The jury is still out on the Equal Employment Opportunity Commission’s public portal, according to legal experts.
After being piloted in five field offices last year — Charlotte, Chicago, New Orleans, Phoenix and Seattle — the EEOC’s public portal went live late last year. It enables individuals to submit online inquiries and requests for intake interviews, which are the first steps for filing discrimination charges. However, people can’t use the portal to file online complaints against federal agencies or submit discrimination charges that haven’t been prepared by the EEOC.
Likewise, people can digitally sign and file a charge that the EEOC prepared for them. Once filed, individuals can use the portal to provide and update their contact information, receive documents and messages related to their charge, agree to mediate the charge and check on the status of their charge. Others can review their charge filed on or after Jan. 1, 2016, that are currently in investigation or mediation.
The federal agency responded to more than 550,000 calls to its toll-free numbers and more than 140,600 inquiries in field offices in fiscal year 2017. It believes the online system will create more efficiency for both the agency and public since it reduces the processing time and expense of paper submissions.

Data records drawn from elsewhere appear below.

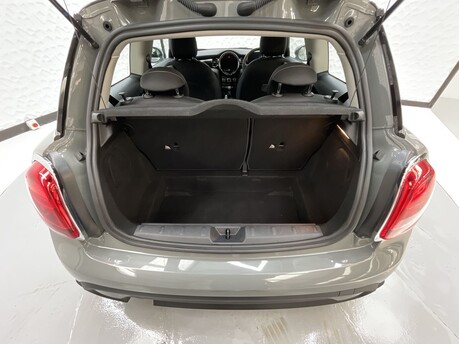 Mini Hatch COOPER CLASSIC 35
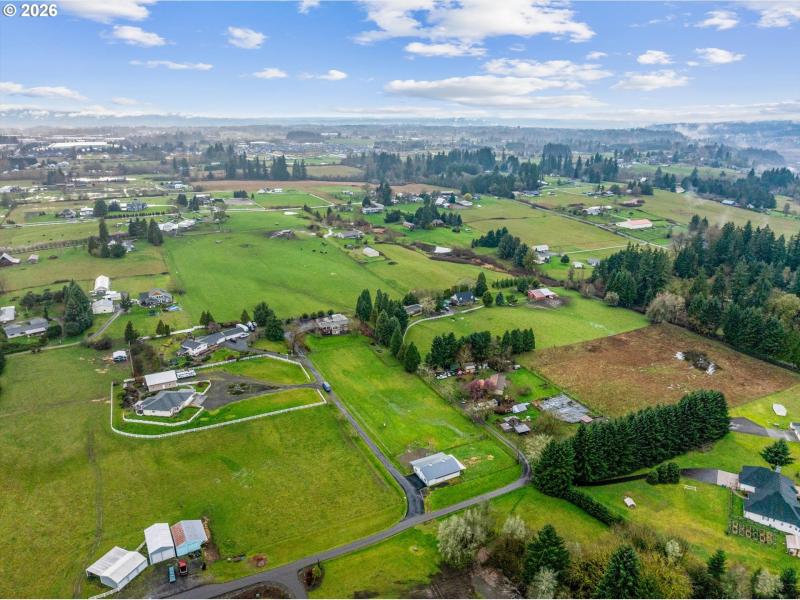 Acreage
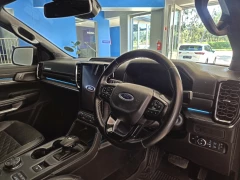 2023 Ford Everest 3.0d V6 Platinum Awd A/t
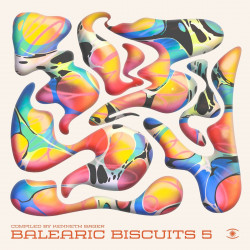 Balearic Biscuits Vol. 5, Pt. 2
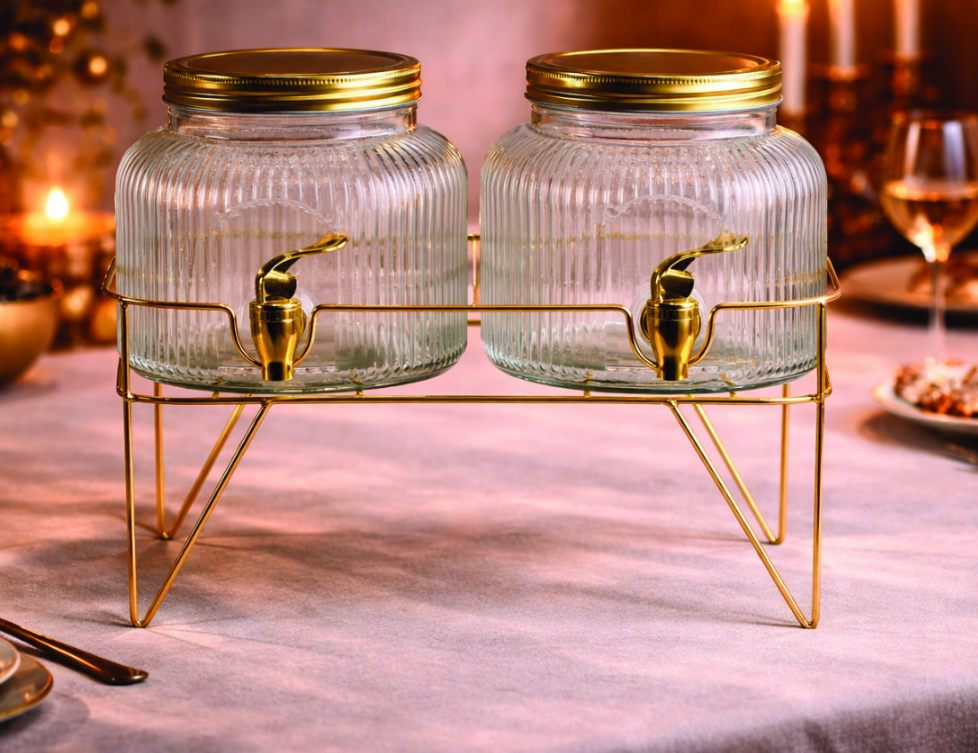 1 PCS 2.5L DISPENSER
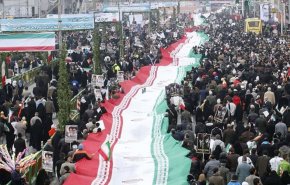 رابطة الشغيلة اللبنانية تهنئ ايران بذكرى انتصار الثورة الـ42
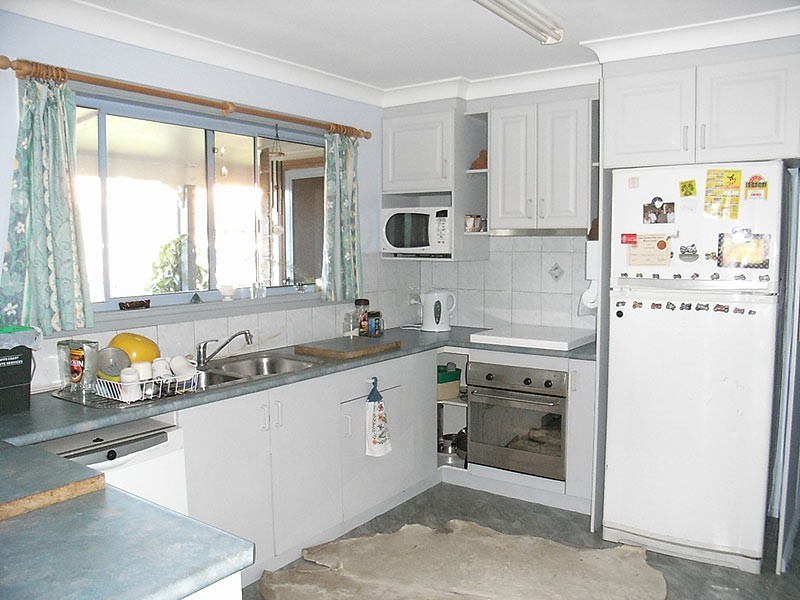 1 McCristal  Drive, Bellingen NSW 2454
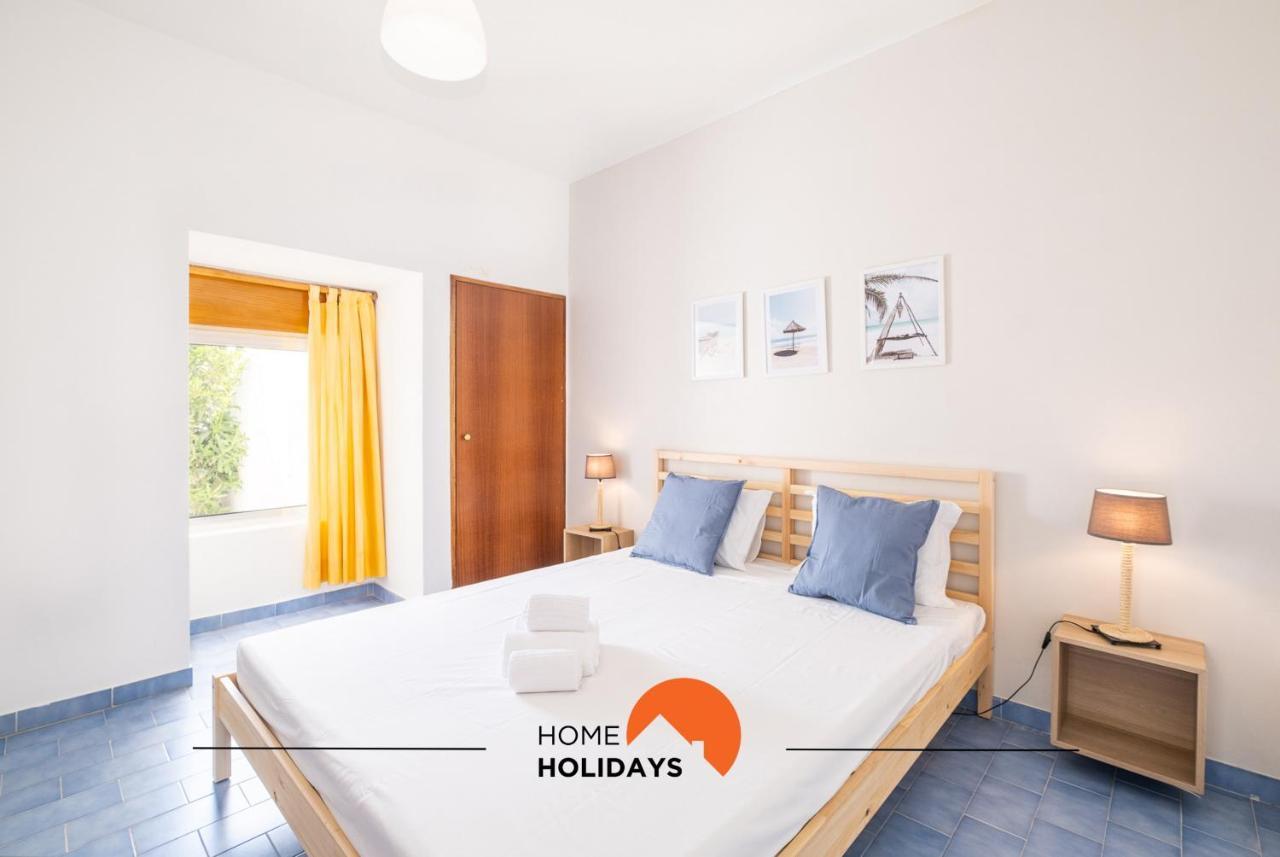 #038 Sesmarias Flat By Home Holidays Albufeira Luaran gambar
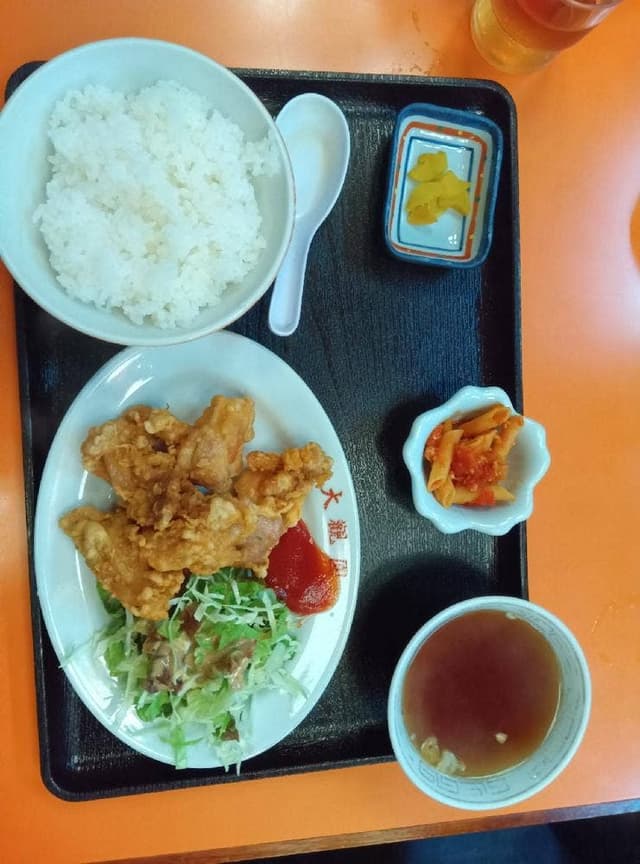 中華料理 大観園 - サブ画像3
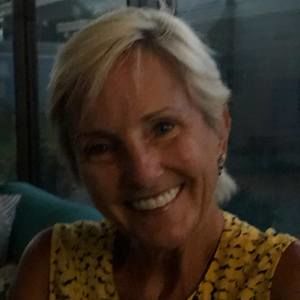 Meet your Posher, Barbara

“We do not expect the portal to increase the number of charges filed with us, because a human-to-human interaction is preserved as part of the process,” says Martin S. Ebel, director, EEOC’s field management programs in Houston. “We do expect it to drive inquiries to the digital system and away from in-person, telephone and other traditional inquiry methods.”

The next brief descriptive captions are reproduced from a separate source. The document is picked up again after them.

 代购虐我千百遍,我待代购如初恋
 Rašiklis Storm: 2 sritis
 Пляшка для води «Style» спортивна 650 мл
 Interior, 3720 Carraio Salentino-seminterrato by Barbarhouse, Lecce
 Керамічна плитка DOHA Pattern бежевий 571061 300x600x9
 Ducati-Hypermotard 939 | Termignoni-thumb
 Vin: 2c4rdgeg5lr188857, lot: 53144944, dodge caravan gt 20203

By being able to review potential charges prior to speaking with individuals who filed them, Ebel says, investigators can conduct “sharply focused interviews” and draft better charges of discrimination when someone takes the next step and files a charge of discrimination.
While it’s too soon to determine the portal’s success, this “instantaneous” system might discourage employees from resolving discrimination problems in-house, says Mellissa Schafer, an attorney at Hinshaw & Culbertson law firm in Los Angeles.
She points to a disgruntled employee who gets into a disagreement with his boss. The employee can immediately access the portal to start the complaint process instead of cooling off, sharing his feelings with coworkers and then notifying HR.
“This might be something where the employer and employee can work it out in the next day or two and everyone calms down, everything is fine,” she says. “This employee may be somebody who is overheated quickly, gets very anxious or excited quickly and may turn to emotion versus thinking about it, processing it and taking time to do something.”
The portal also has the potential of being prejudicial to employers, Schafer says. It prevents EEOC officers from taking into account the person’s tone, demeanor or mannerisms when evaluating their allegations. In some cases, she says online claims would never pass the initial steps if the same complaints were made in person or over the phone. In the end, some employers may end up wasting valuable time defending bogus charges.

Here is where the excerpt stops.